Rabbi Levy OBM was not fond of these lists because the lists are gleaned information usually from phone calls made to companies and you’re speaking to people on the telephone and you have to hope they’re giving you accurate information and you also have to hope that they understand what you’re saying, so there’s a heightened likelihood of uncertainty.  Of course, the people making this list deserve a lot of credit because they’re trying to help the community, but it’s important to understand that the list information is certainly not as accurate as information you have directly from the kashrus agency certifying the product and has direct information about the product.

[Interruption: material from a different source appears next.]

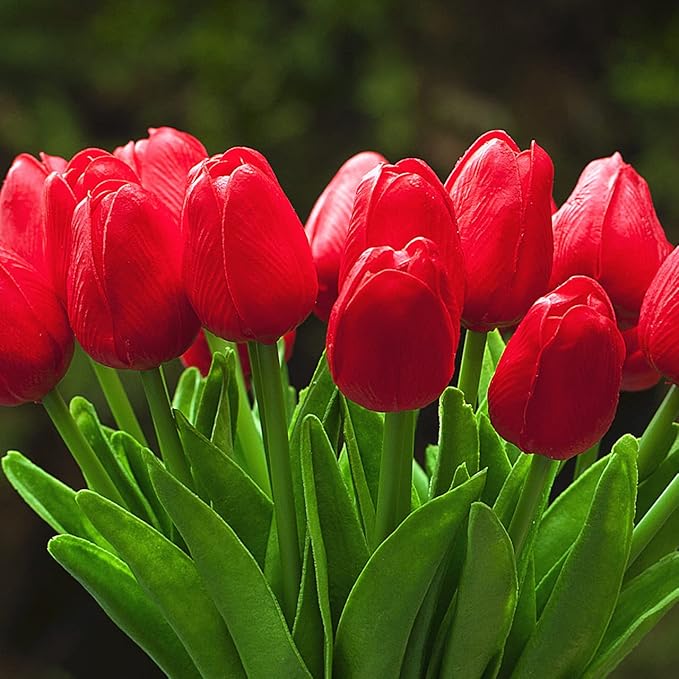 ENOVA FLORAL 20 Pieces Real Touch Artificial Tulips Flowers in Vase, Fake Red Tulips with Vase and Faux Water for Home Wedding Decoration, Dining Table (Red)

So, if a person is in a situation where they must take a particular product, the list can only help because anyway halachically you are allowed to take it, so the list is good for that extra added level of comfort and protection.

How does halacha classify vitamins?

Simply put, if a person’s doctor recommends that they take vitamins daily to function, it has the status of medicine. They should take vitamins in swallowable pill form. However, even if they are taking kosher-certified vitamins, it’s still a good idea to reach out to the kashrus agency. They can often find an identical vitamin that only poses a kitniyos concern (not actual chometz) and has equal medicinal effect. To do this, one should first consult their doctor to determine if it’s a medicinal requirement. Then, they should go to their rabbi, who can contact the kashrus agency to obtain the necessary information.

If the product is not certified, if it’s a vitamin product not certified, and one absolutely must take it then it has the same category of medicine again swallowable pill form is the way to go and do as much research as possible. But again, do not chas vsholom endanger yourself by not listening to the doctor. You must listen to the doctor and do whatever the doctor says.

Stories and Conclusion

The following story is an illustration of this point. There was a very esteemed rabbi who was asked the question if someone is allowed to take medication on Shabbos.  We know it’s a rabbinic prohibition to take medication on Shabbos [4] because grinding up spices and things to make prepared medications, but if someone’s in the category of sick, they’re allowed to take it. The rabbi ruled in this person’s case that they were allowed to take medication on Shabbos. Someone questioned him and said, “You seem to be a little bit callous and a little bit lenient with regards to the halachos of Shabbos”.  He said, “No, I’m being strict in the laws of Pikuach Nefesh”.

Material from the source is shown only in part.